N°51

EUROPA… ITALIA… INSTABILE… MAMA MIA… MAURICE et ZEZETTE !

Entre l’Europajazz et l’Italie c’est une longue histoire d’amour, puisque dès 1982 nous proposions un festival entièrement Franco-Italien, avec notamment les premiers concerts en France d’Antonello Salis en quintet, Gianluigi Trovesi en trio, Franco d’Andrea, Massimo Urbani… Ensuite toute l’Italie du jazz a défilé au Mans, souvent pour des « premières françaises » et  toujours avec un accueil follement enthousiaste ! Mais le plus grand succès ce fut évidemment avec l’ITALIAN INSTABILE ORCHESTRA (Né d’une idée extraordinaire : réunir les meilleurs solistes et compositeurs italiens dans le même projet) invité deux fois : 1993 et 1999. J’écrivais en 1999 dans le programme : «ce qui s’est révélé de plus beau, de plus frais, de plus réjouissant dans le domaine du grand orchestre européen depuis des lustres : original, créatif, populaire, décapant !».
Mais, je n’avais jamais imaginé que cet orchestre de « free jazz », joyeux et enjoué certes mais bien décapant, deviendrait le groupe de jazz préféré d’un couple d’amis de ma mère ! Je vous raconte ! Après la mort de mon père en 1996 (qui n’a jamais mis les pieds ni les oreilles au festival, mais c’est une autre histoire…), ma mère (pas vraiment fana de jazz et encore moins dans ses versions contemporaines mais curieuse de ce que pouvait faire son fils unique) venait chaque année accompagnée par ses meilleurs amis (Maurice et Zézette, couple de septuagénaires distingués et charmants) au festival, dans sa partie finale, à l’Abbaye de l’Epau.
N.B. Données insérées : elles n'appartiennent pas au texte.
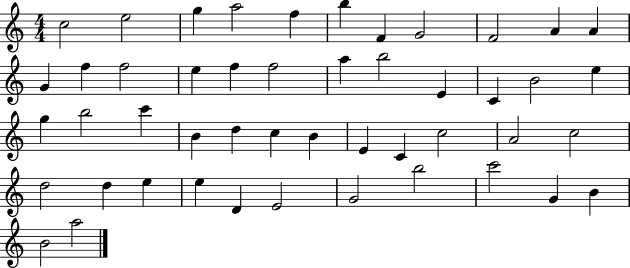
C5/h E5/h G5/q A5/h F5/q B5/q F4/q G4/h F4/h A4/q A4/q G4/q F5/q F5/h E5/q F5/q F5/h A5/q B5/h E4/q C4/q B4/h E5/q G5/q B5/h C6/q B4/q D5/q C5/q B4/q E4/q C4/q C5/h A4/h C5/h D5/h D5/q E5/q E5/q D4/q E4/h G4/h B5/h C6/h G4/q B4/q B4/h A5/h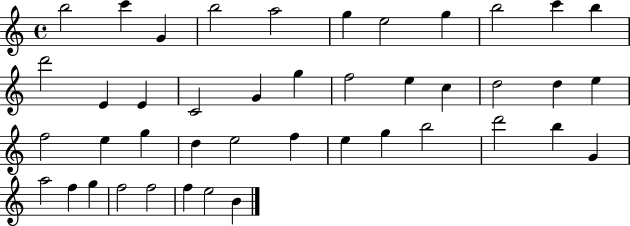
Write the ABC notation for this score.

X:1
T:Untitled
M:4/4
L:1/4
K:C
b2 c' G b2 a2 g e2 g b2 c' b d'2 E E C2 G g f2 e c d2 d e f2 e g d e2 f e g b2 d'2 b G a2 f g f2 f2 f e2 B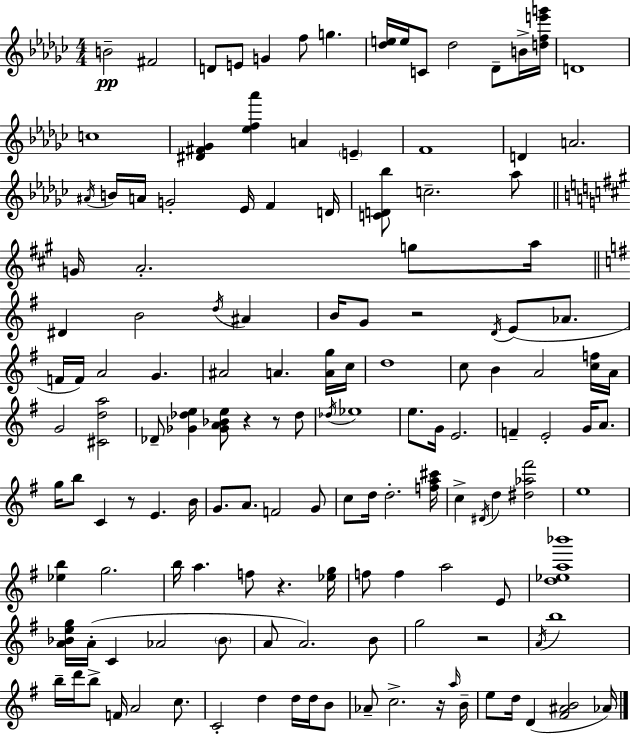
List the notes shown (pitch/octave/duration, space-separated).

B4/h F#4/h D4/e E4/e G4/q F5/e G5/q. [Db5,E5]/s E5/s C4/e Db5/h Db4/e B4/s [D5,F5,E6,G6]/s D4/w C5/w [D#4,F#4,Gb4]/q [Eb5,F5,Ab6]/q A4/q E4/q F4/w D4/q A4/h. A#4/s B4/s A4/s G4/h Eb4/s F4/q D4/s [C4,D4,Bb5]/e C5/h. Ab5/e G4/s A4/h. G5/e A5/s D#4/q B4/h D5/s A#4/q B4/s G4/e R/h D4/s E4/e Ab4/e. F4/s F4/s A4/h G4/q. A#4/h A4/q. [A4,G5]/s C5/s D5/w C5/e B4/q A4/h [C5,F5]/s A4/s G4/h [C#4,D5,A5]/h Db4/e [Gb4,Db5,E5]/q [Gb4,A4,Bb4,E5]/e R/q R/e Db5/e Db5/s Eb5/w E5/e. G4/s E4/h. F4/q E4/h G4/s A4/e. G5/s B5/e C4/q R/e E4/q. B4/s G4/e. A4/e. F4/h G4/e C5/e D5/s D5/h. [F5,A5,C#6]/s C5/q D#4/s D5/q [D#5,Ab5,F#6]/h E5/w [Eb5,B5]/q G5/h. B5/s A5/q. F5/e R/q. [Eb5,G5]/s F5/e F5/q A5/h E4/e [D5,Eb5,A5,Bb6]/w [A4,Bb4,E5,G5]/s A4/s C4/q Ab4/h Bb4/e A4/e A4/h. B4/e G5/h R/h A4/s B5/w B5/s D6/s B5/e F4/s A4/h C5/e. C4/h D5/q D5/s D5/s B4/e Ab4/e C5/h. R/s A5/s B4/s E5/e D5/s D4/q [F#4,A#4,B4]/h Ab4/s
Ce couple d’amis, certes amateurs de musique classique ne connaissait du jazz qu’un aspect extrêmement consensuel allant de Sidney Bechet… à Sidney Bechet !

Mais le 02 mai 1999, final des vingt ans de l’Europajazz, à l’écoute d’un Italian Instabile Orchestra boosté par la présence d’Enrico Rava et d’Antonello Salis et par les tarentelles déjantées et furieuses d’un Pino Minafra des grands jours (voir photo), ce fut la révélation, le choc, un séisme esthétique : après deux heures de concert : Maurice et Zézette étaient debout dans le dortoir des Moines pour réclamer un troisième rappel !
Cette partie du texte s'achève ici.